Questions: The Standard Matrix of a Linear Transformation
5 questions to test your understanding
Score: 0 / 5
Question 1 Multiple Choice
A student wants to find the standard matrix for T: ℝ² → ℝ² defined by T(x, y) = (2x + y, x − 3y). What is the correct procedure?
ACompute T(1, 0) = (2, 1) and T(0, 1) = (1, −3); assemble these as the columns of A
BSolve the system Ax = T(x) for A using row reduction on sample inputs
CFind vectors that A maps to e₁ and e₂ and use those as rows
DAverage T's output over many random inputs to estimate A's entries
The standard matrix is assembled directly from the images of the basis vectors as columns — no equation solving required. T(e₁) = T(1, 0) = (2, 1) becomes column 1; T(e₂) = T(0, 1) = (1, −3) becomes column 2. This works because linearity guarantees T(x) = x₁·T(e₁) + x₂·T(e₂), which is exactly what Ax computes.
Question 2 Multiple Choice
The standard matrix of a 90° counterclockwise rotation is [[0, −1], [1, 0]]. Why is the first column [0, 1]ᵀ rather than [1, 0]ᵀ?

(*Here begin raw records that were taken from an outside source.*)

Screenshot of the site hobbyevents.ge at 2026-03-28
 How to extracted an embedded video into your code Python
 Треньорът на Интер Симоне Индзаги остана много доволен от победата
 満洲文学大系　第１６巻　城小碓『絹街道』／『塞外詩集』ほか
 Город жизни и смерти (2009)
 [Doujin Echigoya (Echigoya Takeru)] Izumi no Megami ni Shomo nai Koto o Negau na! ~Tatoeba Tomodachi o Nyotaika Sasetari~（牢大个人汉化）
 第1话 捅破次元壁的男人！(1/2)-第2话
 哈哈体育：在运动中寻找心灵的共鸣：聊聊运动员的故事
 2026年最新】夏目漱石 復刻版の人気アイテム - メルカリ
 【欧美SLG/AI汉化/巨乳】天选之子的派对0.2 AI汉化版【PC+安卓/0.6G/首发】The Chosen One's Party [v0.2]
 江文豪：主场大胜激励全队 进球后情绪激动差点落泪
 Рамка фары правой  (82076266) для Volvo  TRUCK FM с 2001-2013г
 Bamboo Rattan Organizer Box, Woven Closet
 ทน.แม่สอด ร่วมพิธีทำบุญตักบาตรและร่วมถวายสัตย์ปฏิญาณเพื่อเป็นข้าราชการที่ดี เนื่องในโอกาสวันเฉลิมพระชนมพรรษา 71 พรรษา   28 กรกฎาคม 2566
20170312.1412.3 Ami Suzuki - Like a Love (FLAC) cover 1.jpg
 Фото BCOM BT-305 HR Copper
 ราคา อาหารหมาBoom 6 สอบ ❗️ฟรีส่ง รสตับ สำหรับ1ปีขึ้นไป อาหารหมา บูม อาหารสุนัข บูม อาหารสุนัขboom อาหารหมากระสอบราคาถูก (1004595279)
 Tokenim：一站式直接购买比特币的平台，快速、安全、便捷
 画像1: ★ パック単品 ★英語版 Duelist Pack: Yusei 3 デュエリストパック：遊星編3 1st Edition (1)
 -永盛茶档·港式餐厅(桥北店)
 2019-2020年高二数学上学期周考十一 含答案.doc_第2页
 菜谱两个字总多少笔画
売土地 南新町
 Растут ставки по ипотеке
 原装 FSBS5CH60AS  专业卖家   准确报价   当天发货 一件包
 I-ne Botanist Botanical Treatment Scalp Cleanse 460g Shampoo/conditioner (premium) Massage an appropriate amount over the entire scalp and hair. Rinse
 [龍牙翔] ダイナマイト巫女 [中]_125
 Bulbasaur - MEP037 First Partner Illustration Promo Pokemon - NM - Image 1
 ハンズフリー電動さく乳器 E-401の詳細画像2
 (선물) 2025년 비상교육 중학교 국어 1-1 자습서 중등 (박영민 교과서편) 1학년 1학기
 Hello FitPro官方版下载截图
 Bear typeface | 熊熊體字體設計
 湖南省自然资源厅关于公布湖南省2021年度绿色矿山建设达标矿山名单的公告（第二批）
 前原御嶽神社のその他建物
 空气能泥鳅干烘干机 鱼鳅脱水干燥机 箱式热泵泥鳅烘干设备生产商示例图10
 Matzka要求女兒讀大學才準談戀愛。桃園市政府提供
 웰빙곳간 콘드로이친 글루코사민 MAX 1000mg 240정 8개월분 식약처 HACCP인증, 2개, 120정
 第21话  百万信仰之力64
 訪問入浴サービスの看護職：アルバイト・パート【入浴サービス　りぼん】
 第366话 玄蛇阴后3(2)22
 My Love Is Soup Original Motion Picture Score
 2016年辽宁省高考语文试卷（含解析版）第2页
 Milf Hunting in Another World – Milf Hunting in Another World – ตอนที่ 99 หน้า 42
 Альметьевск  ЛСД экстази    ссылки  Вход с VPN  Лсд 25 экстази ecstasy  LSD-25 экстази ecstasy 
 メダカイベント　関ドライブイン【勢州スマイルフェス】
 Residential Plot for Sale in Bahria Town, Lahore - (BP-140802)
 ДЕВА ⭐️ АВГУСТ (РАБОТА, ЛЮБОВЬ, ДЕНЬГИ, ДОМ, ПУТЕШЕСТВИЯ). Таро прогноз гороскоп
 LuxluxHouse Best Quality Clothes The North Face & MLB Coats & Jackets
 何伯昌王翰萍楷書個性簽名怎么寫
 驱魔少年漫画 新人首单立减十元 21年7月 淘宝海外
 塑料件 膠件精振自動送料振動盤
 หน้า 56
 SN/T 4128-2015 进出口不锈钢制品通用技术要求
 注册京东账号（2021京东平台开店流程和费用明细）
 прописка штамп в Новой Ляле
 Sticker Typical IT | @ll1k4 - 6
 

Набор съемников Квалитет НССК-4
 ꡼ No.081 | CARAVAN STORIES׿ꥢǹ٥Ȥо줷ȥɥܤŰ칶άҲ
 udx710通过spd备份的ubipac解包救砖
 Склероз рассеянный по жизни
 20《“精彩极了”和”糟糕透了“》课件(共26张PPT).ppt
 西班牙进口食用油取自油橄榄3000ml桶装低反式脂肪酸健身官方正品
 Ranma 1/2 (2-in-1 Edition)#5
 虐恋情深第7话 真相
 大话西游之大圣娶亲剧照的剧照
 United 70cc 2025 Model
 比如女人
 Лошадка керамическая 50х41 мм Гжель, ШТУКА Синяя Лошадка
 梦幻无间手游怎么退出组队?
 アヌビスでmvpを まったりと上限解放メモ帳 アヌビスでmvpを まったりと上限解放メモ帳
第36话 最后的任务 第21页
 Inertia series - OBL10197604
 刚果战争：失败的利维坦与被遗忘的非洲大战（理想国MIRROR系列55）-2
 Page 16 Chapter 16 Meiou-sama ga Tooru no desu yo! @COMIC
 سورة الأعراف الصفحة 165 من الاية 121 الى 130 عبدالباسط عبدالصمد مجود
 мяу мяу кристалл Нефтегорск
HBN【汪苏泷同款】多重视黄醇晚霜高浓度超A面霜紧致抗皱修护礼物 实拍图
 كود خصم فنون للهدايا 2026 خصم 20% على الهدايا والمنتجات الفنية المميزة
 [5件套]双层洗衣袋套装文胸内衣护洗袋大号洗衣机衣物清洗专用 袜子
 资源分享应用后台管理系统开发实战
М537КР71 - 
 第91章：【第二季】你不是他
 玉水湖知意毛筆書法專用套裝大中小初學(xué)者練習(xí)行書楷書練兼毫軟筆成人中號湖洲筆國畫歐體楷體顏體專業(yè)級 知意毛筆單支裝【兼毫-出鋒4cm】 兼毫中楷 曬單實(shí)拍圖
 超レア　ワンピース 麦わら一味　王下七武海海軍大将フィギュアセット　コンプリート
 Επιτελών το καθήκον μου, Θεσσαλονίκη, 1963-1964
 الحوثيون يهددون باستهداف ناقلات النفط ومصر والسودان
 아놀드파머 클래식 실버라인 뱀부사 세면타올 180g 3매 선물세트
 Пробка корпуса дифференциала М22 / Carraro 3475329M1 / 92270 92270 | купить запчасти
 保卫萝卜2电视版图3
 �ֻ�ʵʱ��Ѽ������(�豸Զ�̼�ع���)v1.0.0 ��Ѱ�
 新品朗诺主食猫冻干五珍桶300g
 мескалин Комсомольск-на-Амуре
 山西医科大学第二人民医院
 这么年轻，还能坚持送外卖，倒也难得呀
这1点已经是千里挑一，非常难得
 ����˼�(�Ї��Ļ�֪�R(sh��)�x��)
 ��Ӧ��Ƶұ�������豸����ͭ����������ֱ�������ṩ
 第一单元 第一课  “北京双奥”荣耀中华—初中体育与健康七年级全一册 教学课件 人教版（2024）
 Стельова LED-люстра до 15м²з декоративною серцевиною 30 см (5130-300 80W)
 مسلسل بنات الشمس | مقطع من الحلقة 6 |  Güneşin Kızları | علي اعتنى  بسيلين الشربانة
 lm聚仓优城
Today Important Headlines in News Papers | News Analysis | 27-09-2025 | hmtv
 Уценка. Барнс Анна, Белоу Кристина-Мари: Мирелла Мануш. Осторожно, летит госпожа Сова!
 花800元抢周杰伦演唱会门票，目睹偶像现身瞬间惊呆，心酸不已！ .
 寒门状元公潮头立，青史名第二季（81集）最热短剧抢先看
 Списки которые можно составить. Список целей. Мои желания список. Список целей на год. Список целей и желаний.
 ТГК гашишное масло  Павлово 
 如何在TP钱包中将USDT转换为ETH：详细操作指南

ABecause e₁ = [1, 0]ᵀ maps to [0, 1]ᵀ under a 90° counterclockwise rotation, and columns encode where basis vectors go
BBecause [1, 0]ᵀ is reserved for identity matrices and cannot appear as a rotation column
CBecause columns of a rotation matrix must always be perpendicular to the rows
DBecause rows encode where basis vectors go; the first row therefore cannot match e₁
Column j of the standard matrix is T(eⱼ). Rotating e₁ = [1, 0]ᵀ by 90° counterclockwise produces [0, 1]ᵀ — that becomes column 1. Rotating e₂ = [0, 1]ᵀ produces [−1, 0]ᵀ — that becomes column 2. The common mistake in option D (rows encode basis images) would produce the transpose, which represents a different transformation.
Question 3 True / False
The standard matrix of a linear transformation is independent of what basis you use for the input and output spaces.
TTrue
FFalse
Answer: False
The 'standard' qualifier specifically means the standard basis is used for both domain and codomain — that's what makes it standard. Use a different basis and the same transformation T has a different matrix representation. The study of change of basis is precisely about converting between these representations. Basis-independence would mean every transformation has only one matrix, which is false.
Question 4 True / False
To construct the standard matrix of T: ℝⁿ → ℝᵐ, you should evaluate T on most vector in ℝⁿ.
TTrue
FFalse
Answer: False
You only need T evaluated on the n standard basis vectors e₁, …, eₙ. By linearity, any vector x = x₁e₁ + ··· + xₙeₙ gives T(x) = x₁T(e₁) + ··· + xₙT(eₙ), which the matrix product Ax reproduces automatically. The entire transformation on an infinite domain is encoded in just n basis images — this is the power of linearity.
Question 5 Short Answer
Why is it sufficient to know T(e₁), T(e₂), …, T(eₙ) to completely determine a linear transformation T: ℝⁿ → ℝᵐ?
Think about your answer, then reveal below.
Model answer: Any vector x ∈ ℝⁿ decomposes as x = x₁e₁ + ··· + xₙeₙ. Linearity then gives T(x) = x₁T(e₁) + ··· + xₙT(eₙ). Knowing T on the basis vectors determines T on every linear combination of them — which is every vector in ℝⁿ.
This is the fundamental theorem behind the standard matrix. A linear transformation is completely and uniquely determined by its values on a basis, because linearity 'extends' those values to all of ℝⁿ without ambiguity. The matrix is just the data structure that packages the n basis images so that Ax replicates the extension automatically.